Kirkland credited The Nutrition Group, which manages food services for the district, with doing “a phenomenal job of budgeting” and getting the district into a position to have the surplus in the cafeteria operation. As a result, the state is requiring the school district to submit a report detailing how the district plans to spend the money down.

He said there are a number of ways to do that, such as spending the money on additional help, for increasing portion sizes for student meals or for purchasing equipment, such as replacing a steamer that went down. According to Kirkland, having to find ways to spend a surplus in the cafeteria is a nice problem to have.

In the pleasant surprise department, he announced that an anonymous donor stepped forward with $2,600 to pay the outstanding balances owed by students for lunches at Buckeye and Southeast. He said the donor is also considering an additional donation to cover what’s owed by students at Reilly. If that happens, he said all outstanding balances will be wiped clean. Earlier this year, the Salem V.F.W. Post 892 donated over $900 to cover the outstanding balances on the bills owed at the high school and junior high.

Since January 2018, students at Buckeye have eaten for free due to the high percentage of students on free and reduced lunch after the board agreed to absorb the cost. Kirkland said the students at Reilly may be next, noting that the school housing third and fourth grades now exceeds 40 percent on free and reduced lunch, so the district may look at offering Reilly students the same deal, at a cost of about $14,000. The decision will require board action.

Kirkland explained that two areas in the cafeteria where there seem to be problems are sometimes running out of food trays and transporting the food to the elementary schools. He said they had a few snafus with the lunch count, maybe a kid who said they weren’t going to eat decided to eat or for some other reason, they didn’t have enough.
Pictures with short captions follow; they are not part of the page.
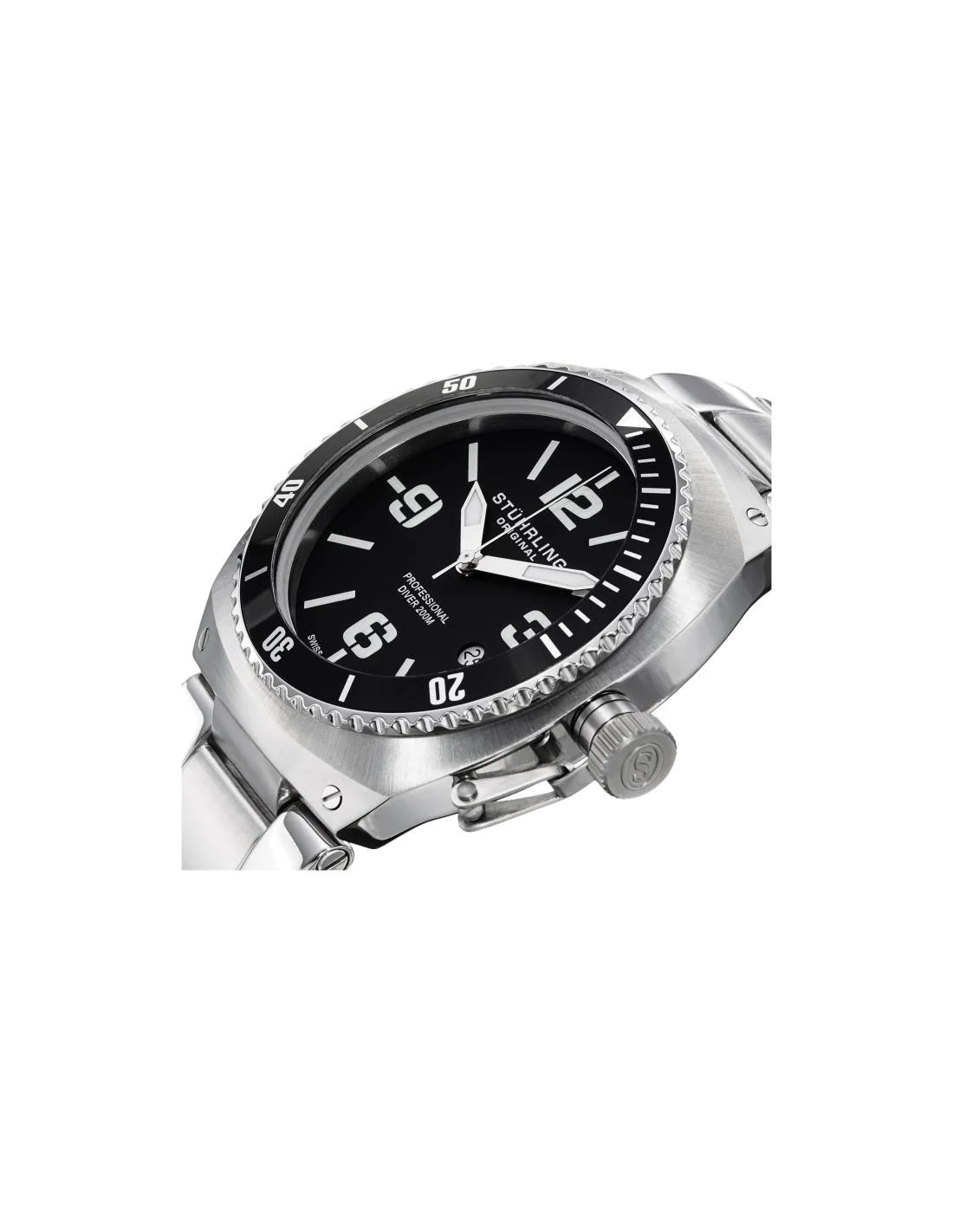 Montre Homme Stuhrling Original Aquadiver 410.331113 Argent vue 2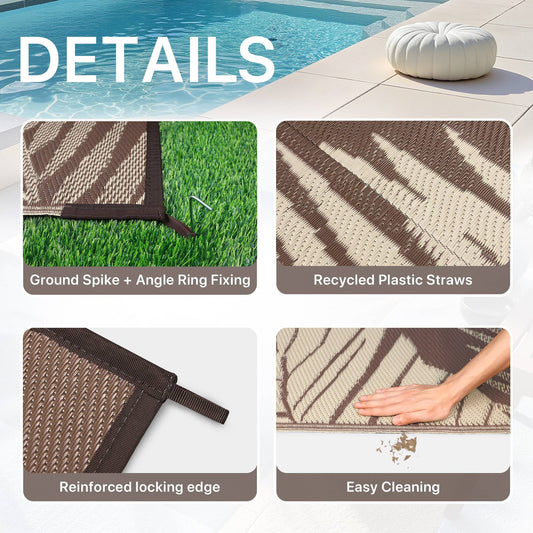DEORAB 6'x9' Outdoor Rugs Patio Waterproof Outside Mat Reversible Plastic Camping Carpet,Coffee & Beige
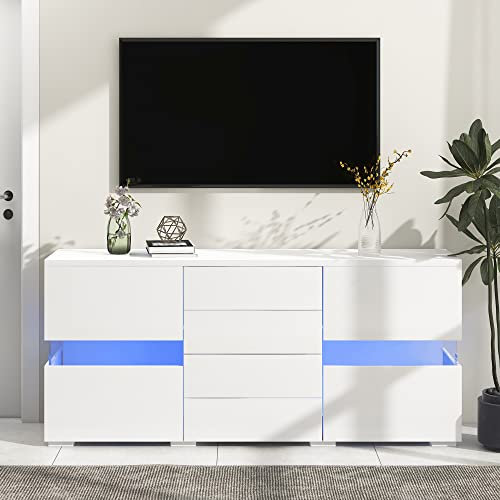 Sideboard Cabinet Matt & High Gloss White Sideboard with LED Lights, 2 Glass Doors 3 Drawers Storage Cabinet, Push-to-Open, Modern Buffet Unit for Living Room, Dining Room, 140x72x35cm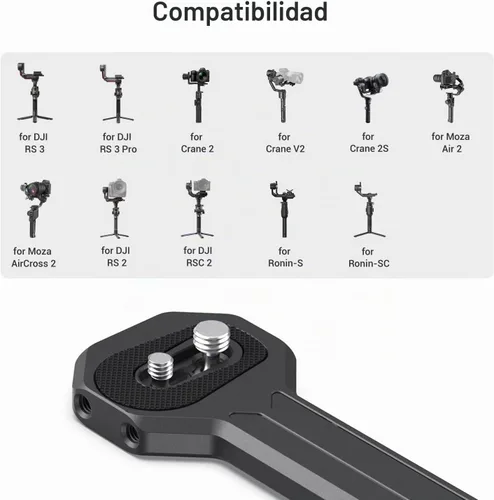 Vista 3 de SmallRig Mango lateral de aluminio para DJI Ronin-S/SC/RS 2/RSC 2/RS 3/RS 3 Pro/RS 3 Mini/RS 4/RS 4 Pro y para ZHIYUN Crane 2S/2/V2 y para MOZA Air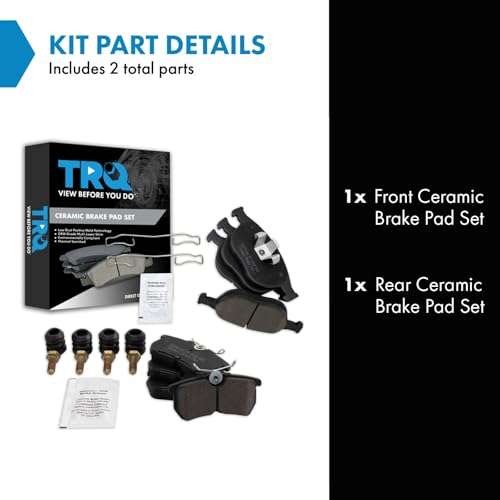 TRQ Front & Rear Brake Pads Ceramic Compatible with 2002-2004 Ford Focus - Image 2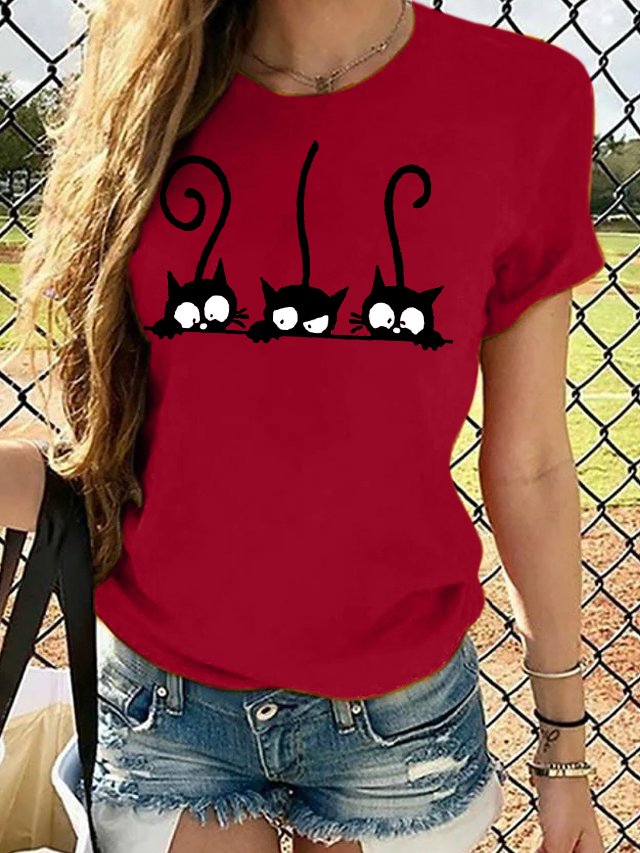 Women's Cute Cat Casual T-Shirt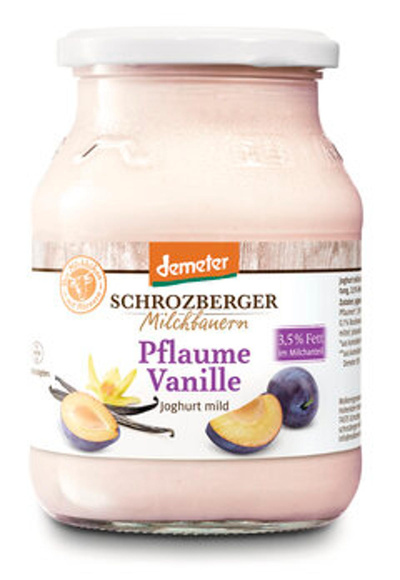 Produktfoto zu Joghurt Pflaume Vanille 3,5%, 500 g, Schrozberger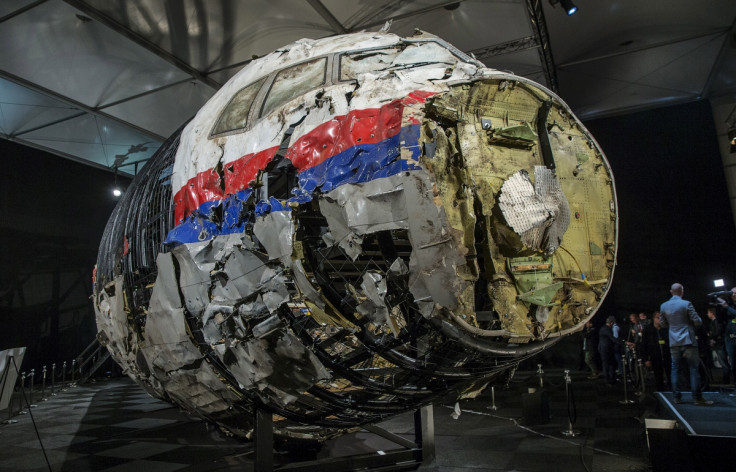 The reconstructed wreckage of the MH17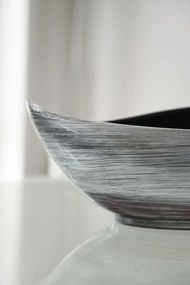 Strieborná miska MONDANA, sklolaminát, šírka 39 cm, strieborno-čierna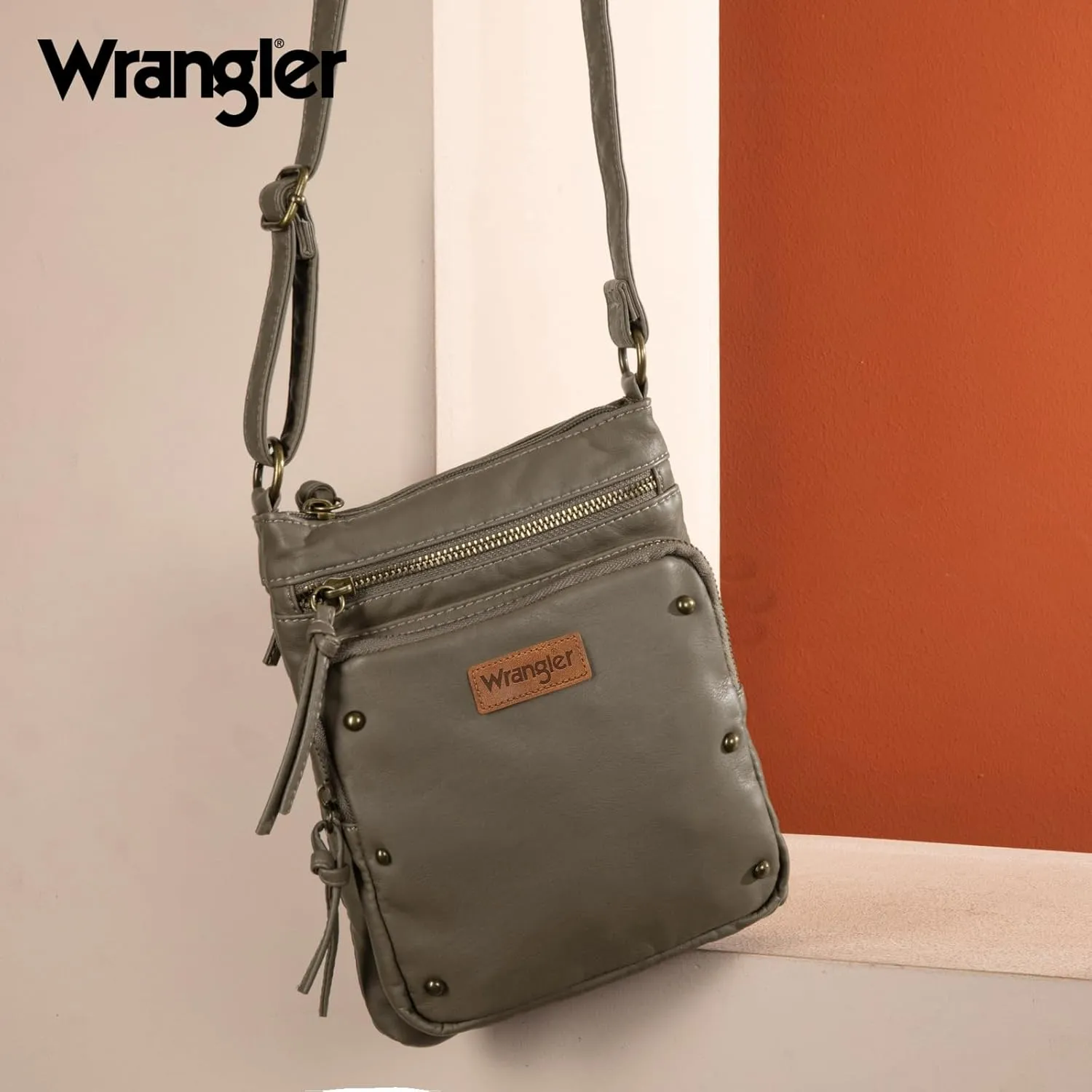 Wrangler Crossbody Bag for Women Small Soft Washed Leather Multi Pocket Shoulder Purses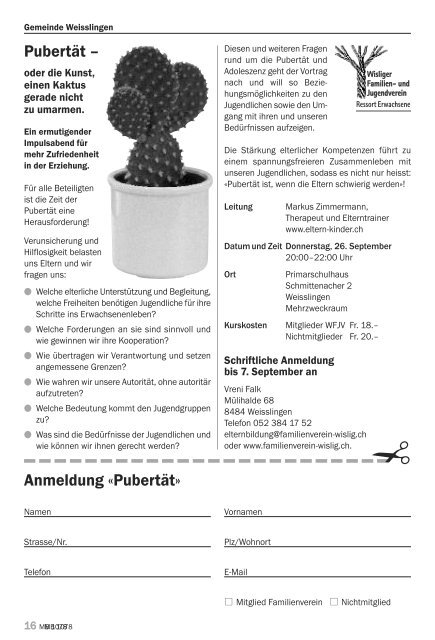 Mitteilungsblatt - Weisslingen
So a pilot program has been started to take the highest average count and add 30 additional lunches.

“What is does ensure is that no kids going to go without a lunch,” he said.

For next year, the elementary students will have some additional choices for lunch, with two hot lunch options instead of one and a fruit and veggie bar, similar to what’s available at the junior high and high school.

Kirkland also announced the free summer lunch program for students in the district 18 and under begins June 3. He said coaches are already planning some of the summer schedules for their teams around the lunch schedule so they can eat. The board approved hiring Maryann Mason and Chrystal Skidmore as employees for the lunch program. Action to contract with the Nutrition Group for food services management was removed from the agenda and will be handled at a future board meeting.